INFORMATION SUPPLIED: Begin

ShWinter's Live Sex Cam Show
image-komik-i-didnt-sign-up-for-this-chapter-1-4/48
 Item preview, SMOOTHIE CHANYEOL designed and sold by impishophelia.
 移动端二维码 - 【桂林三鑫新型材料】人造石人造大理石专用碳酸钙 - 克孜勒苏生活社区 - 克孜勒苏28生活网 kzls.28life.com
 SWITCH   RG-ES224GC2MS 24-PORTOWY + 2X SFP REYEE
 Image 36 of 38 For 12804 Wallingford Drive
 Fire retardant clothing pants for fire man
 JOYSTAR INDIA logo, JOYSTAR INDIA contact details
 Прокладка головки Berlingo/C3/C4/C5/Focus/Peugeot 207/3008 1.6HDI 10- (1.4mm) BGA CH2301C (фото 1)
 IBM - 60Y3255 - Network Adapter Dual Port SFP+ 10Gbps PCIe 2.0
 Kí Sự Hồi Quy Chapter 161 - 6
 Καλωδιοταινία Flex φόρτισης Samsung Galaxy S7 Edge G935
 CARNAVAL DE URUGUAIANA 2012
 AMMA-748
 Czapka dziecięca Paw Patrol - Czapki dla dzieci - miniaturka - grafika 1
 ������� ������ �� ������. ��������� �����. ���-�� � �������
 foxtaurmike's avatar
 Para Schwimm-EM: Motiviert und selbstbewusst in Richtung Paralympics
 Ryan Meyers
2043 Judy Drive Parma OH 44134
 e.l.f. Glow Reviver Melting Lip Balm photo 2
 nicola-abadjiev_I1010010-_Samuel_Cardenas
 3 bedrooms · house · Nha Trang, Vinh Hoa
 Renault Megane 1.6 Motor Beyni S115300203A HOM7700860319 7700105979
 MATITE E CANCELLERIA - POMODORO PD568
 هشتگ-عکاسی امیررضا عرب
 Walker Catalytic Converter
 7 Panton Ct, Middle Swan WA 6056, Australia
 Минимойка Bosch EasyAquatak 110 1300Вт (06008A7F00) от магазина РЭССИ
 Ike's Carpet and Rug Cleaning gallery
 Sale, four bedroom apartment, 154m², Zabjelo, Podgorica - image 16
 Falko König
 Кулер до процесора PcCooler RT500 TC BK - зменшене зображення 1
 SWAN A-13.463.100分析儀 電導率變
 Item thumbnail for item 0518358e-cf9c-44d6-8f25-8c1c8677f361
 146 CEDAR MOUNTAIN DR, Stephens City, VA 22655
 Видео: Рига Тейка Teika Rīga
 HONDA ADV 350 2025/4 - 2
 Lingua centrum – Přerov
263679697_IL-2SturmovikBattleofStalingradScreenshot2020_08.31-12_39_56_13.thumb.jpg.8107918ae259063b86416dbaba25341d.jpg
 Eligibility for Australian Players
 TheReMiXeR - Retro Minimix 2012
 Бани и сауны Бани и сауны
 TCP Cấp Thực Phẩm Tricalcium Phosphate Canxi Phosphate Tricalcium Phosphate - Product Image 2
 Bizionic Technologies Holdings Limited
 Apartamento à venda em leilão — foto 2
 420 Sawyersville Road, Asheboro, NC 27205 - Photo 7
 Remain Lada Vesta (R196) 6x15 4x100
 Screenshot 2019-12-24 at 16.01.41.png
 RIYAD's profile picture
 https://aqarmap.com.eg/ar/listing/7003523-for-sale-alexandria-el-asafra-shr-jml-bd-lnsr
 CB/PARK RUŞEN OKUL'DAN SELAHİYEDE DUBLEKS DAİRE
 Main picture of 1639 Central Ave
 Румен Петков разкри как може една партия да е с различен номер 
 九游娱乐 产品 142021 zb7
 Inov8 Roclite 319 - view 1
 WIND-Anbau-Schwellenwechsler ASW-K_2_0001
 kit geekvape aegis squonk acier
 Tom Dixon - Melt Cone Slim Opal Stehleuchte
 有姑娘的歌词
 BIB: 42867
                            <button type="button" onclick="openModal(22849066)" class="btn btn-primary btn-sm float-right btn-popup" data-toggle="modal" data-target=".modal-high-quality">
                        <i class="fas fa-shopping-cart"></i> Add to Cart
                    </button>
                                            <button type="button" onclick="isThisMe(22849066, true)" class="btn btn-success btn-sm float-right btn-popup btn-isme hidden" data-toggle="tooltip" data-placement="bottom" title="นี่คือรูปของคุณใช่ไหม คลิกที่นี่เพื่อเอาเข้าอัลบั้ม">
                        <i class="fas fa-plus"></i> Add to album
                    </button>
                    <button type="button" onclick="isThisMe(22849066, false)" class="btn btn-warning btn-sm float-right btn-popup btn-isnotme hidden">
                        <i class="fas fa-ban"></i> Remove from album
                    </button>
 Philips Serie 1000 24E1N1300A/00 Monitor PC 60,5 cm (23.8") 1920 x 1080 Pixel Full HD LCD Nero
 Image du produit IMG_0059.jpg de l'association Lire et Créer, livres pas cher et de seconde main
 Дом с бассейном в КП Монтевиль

INFORMATION SUPPLIED: End

:: WHAT IS EXPECTED ::
From the records above, print only the lines between the one holding "Screenshot 2019-12-24 at 16.01.41.png" and the one holding "kit geekvape aegis squonk acier", inclusive, exactly as they stand.

:: RESULT ::
 Screenshot 2019-12-24 at 16.01.41.png
 RIYAD's profile picture
 https://aqarmap.com.eg/ar/listing/7003523-for-sale-alexandria-el-asafra-shr-jml-bd-lnsr
 CB/PARK RUŞEN OKUL'DAN SELAHİYEDE DUBLEKS DAİRE
 Main picture of 1639 Central Ave
 Румен Петков разкри как може една партия да е с различен номер 
 九游娱乐 产品 142021 zb7
 Inov8 Roclite 319 - view 1
 WIND-Anbau-Schwellenwechsler ASW-K_2_0001
 kit geekvape aegis squonk acier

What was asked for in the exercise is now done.